Abstract
Direct generalization of Milgrom and Weber (1982) to the multiple-unit, multiple bid case appears to be technically intractable. Heretofore, the theoretical study of multiple bid auctions has followed Wilson (1979), in which each bidder is assumed to submit a continuous demand schedule. Although elegant, Wilson's model remains poorly understood. It has been solved only for a small number of special distributional assumptions, and appears to give rise to multiple equilibria. Furthermore, bidders in the real world typically submit only a small number of bids, so assuming continuity may be as unrealistic as assuming a single bid per bidder. In the Portuguese sample, for example, the median number of bids per bidder is three.

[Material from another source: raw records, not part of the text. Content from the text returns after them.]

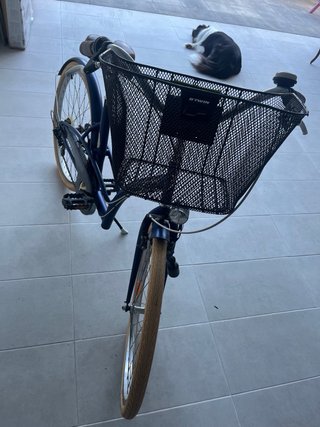 Bicicleta Btwin azul con cesta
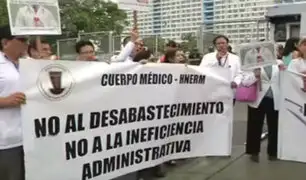 Médicos y trabajadores amenazan con huelga indefinida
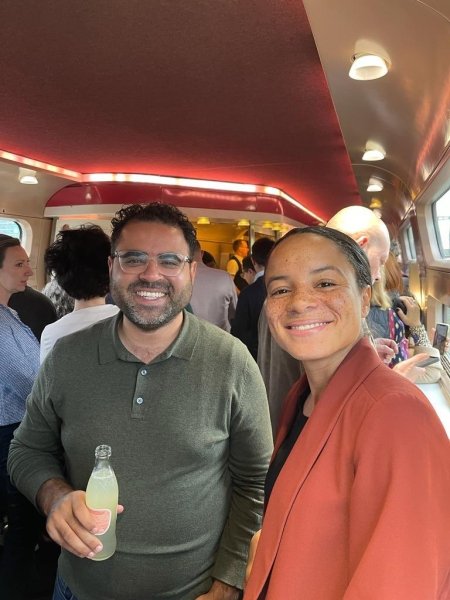 команда дійснейленду Депутатка Саміра Рафаела з колегою-депутатом Мохаммедом Шахімом.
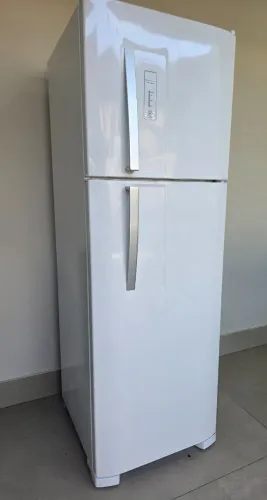 Geladeira Frost Free Eletrolux 370l
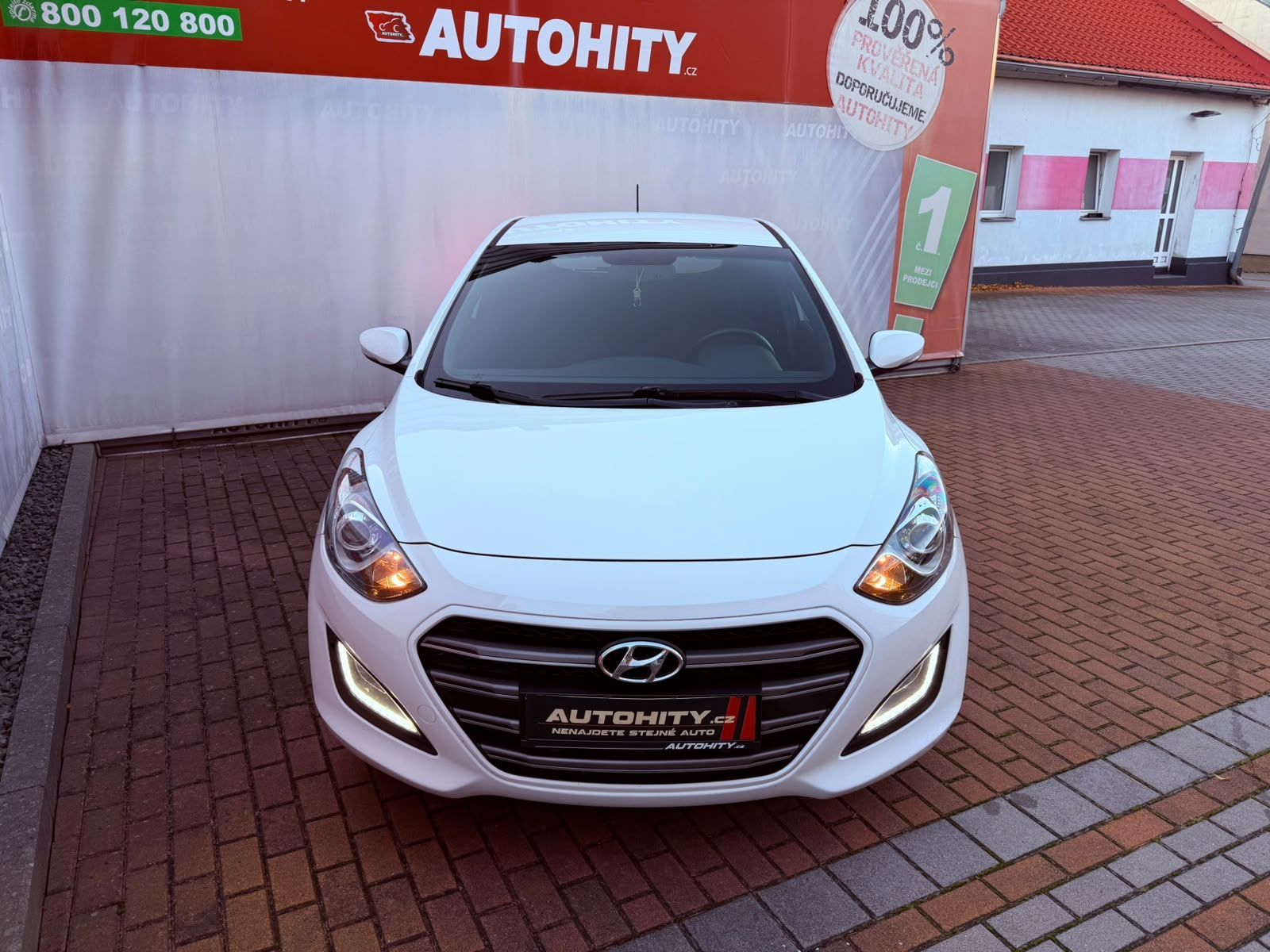 Hyundai i30, 1.4 16V, Serviska, 1.Maj - fotka 2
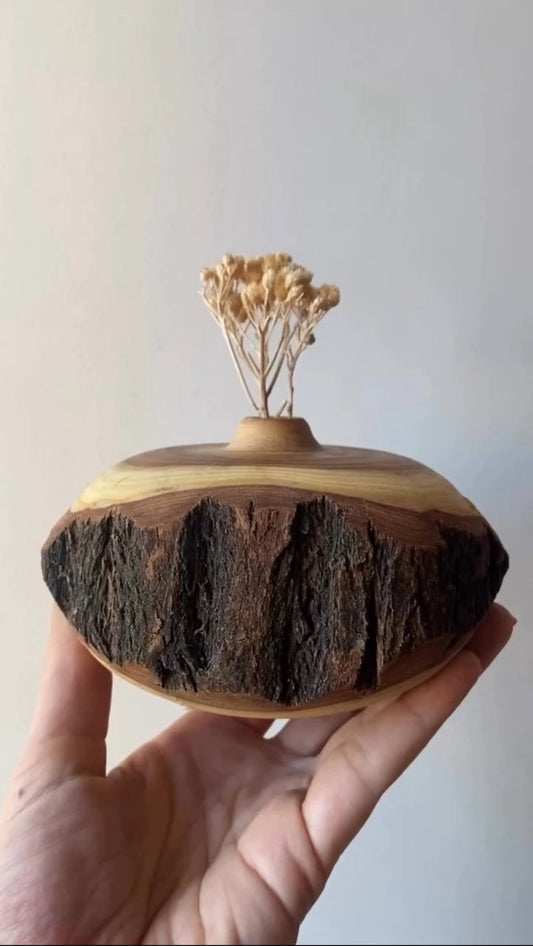 Ovo flowerpot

This paper takes a discrete approach. I model a simultaneous common
value auction of two identical units to n bidders. Private signals
of the good's value are assumed to be drawn from a finite set and bids
are restricted to finite intervals. Each bidder submits two bids, and
the two units are awarded to the two highest bids, whether from a
single or two distinct bidders. This discrete framework makes a
difficult problem numerically feasible, as the set of possible
strategies is finite. Under discriminatory pricing, the model shows
that the gap between a bidder's two bid prices increases with the
degree of risk aversion of the bidder and decreases with the precision
of public information on the value of the items.